Es verdad que hay otros espectáculos que congregan a miles de personas, como por ejemplo los deportivos. Y lo es también que lo que reúne en ellos a los asistentes es, además del interés en sí del deporte de que se trate, la intensa identificación sentimental de cada individuo con los contendientes. Pero los efectos de cohesión ritual que tiene actualmente la música moderna no los alcanza ningún otro fenómeno humano.
Y es que en nuestros días la música se ha convertido, como ha expuesto en un brillante estudio Maria-Àngels Subirats, en un rasgo de identidad de las llamadas tribus urbanas. Hasta tal punto que, como dice esta autora, no existe tribu urbana que no posea su propia “marca” musical, al igual que exhibe una vestimenta diferente al resto. Pero más allá de este innegable efecto clasificatorio y agrupador que desempaña la música como verdadero eje de identificación tribal, lo que llama la atención es que desde hace algunos años ha surgido una nueva liturgia musical oficiada en los macroconciertos, de la que participan intensamente aficionados de las distintas generaciones surgidas a partir de Los Beatles.

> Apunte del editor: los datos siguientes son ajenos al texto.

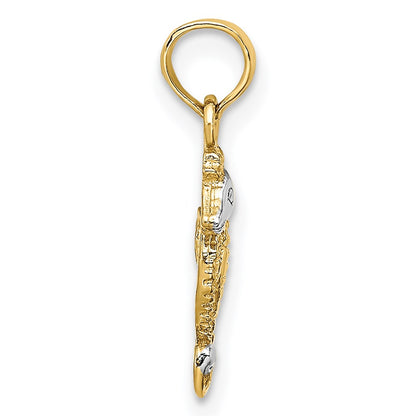14K Yellow & Rhodium With White Seahorse Charm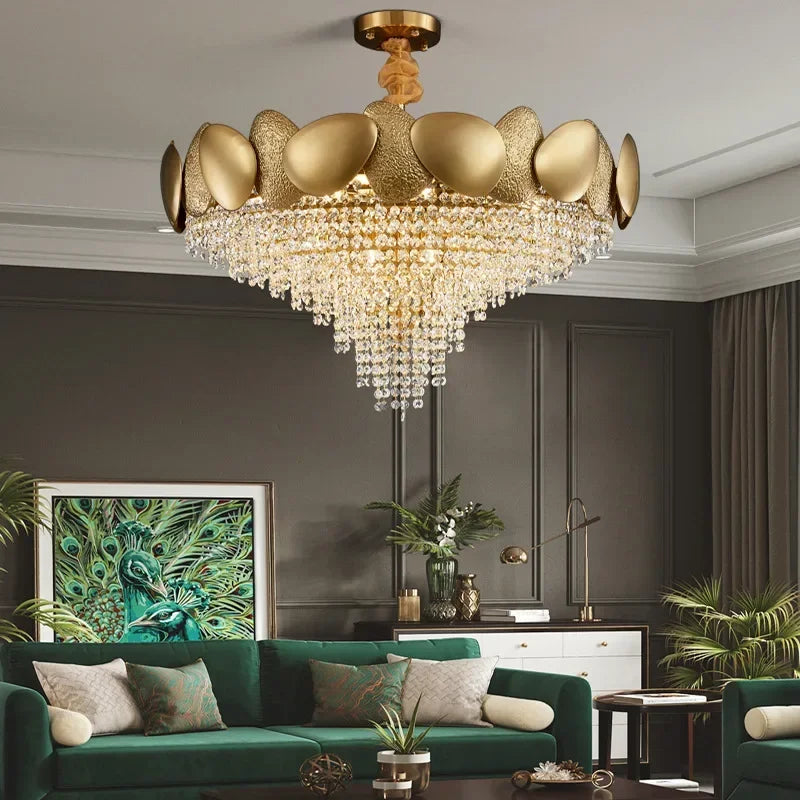 lustre moderne en cristal pampilles et acier inoxydable
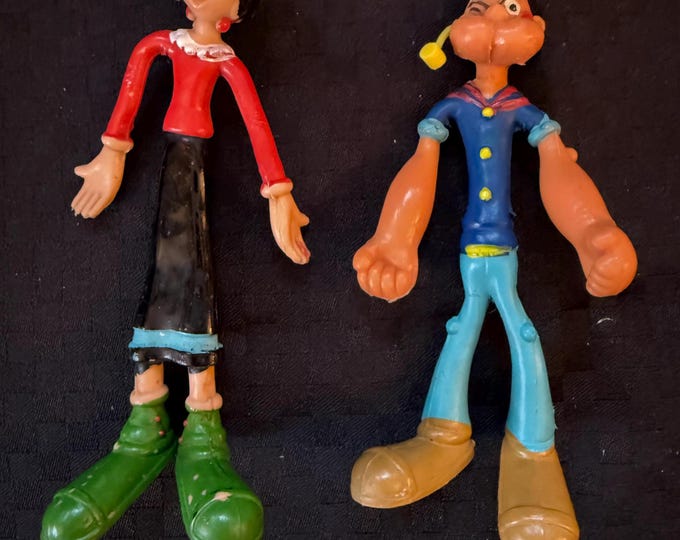 Vintage Bendable Popeye & Olive Oyl Figures – Flexible Cartoon Characters – Mid-Century Collectibles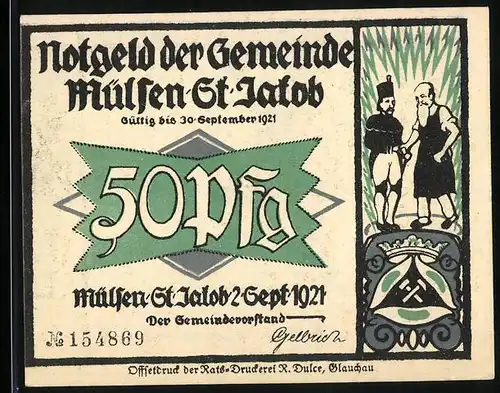 Notgeld Mülsen-St. Jakob 1921, 50 Pfennig, Zwei Männer im Frack feiern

Actualmente los que asisten a los conciertos de música moderna más que a escuchar y sentir individualmente la música, van a vivirla. Como dice la citada M.A. Subirats, “el baile es la vía para pasar de escuchar a vivir, a sentir la música”. Esta autora subraya que los ritmos y melodías van produciendo unos movimientos repetitivos y más o menos sincronizados en los asistentes que desembocan en una especie de danza común. Y concluye señalando que todo ello se traduce en una suerte de comunicación corporal entre cientos de jóvenes –yo me permito matizar que también de personas de otras generaciones- lanzados a la cancha de baile en medio de un ruido ensordecedor y de un vertiginoso juego de luces.
Este ritual común de danzar al ritmo de la música, unos juntos a otros, contagiados por un mismo estado emocional, y más o menos excitados por sustancias avivadoras de los sentidos, permite, además, que cada uno se desnude temporalmente de su propia individualidad y se revista con el traje difuso del anonimato. Esta especie de alienación esporádica de lo propio por lo común y la posibilidad de cada asistente de participar activamente en el ritual oficiado por los músicos ejecutantes explican los reiterados llenos que se producen en todos los conciertos. Y que la música moderna sea una especie de dios menor que cada día gana más adeptos.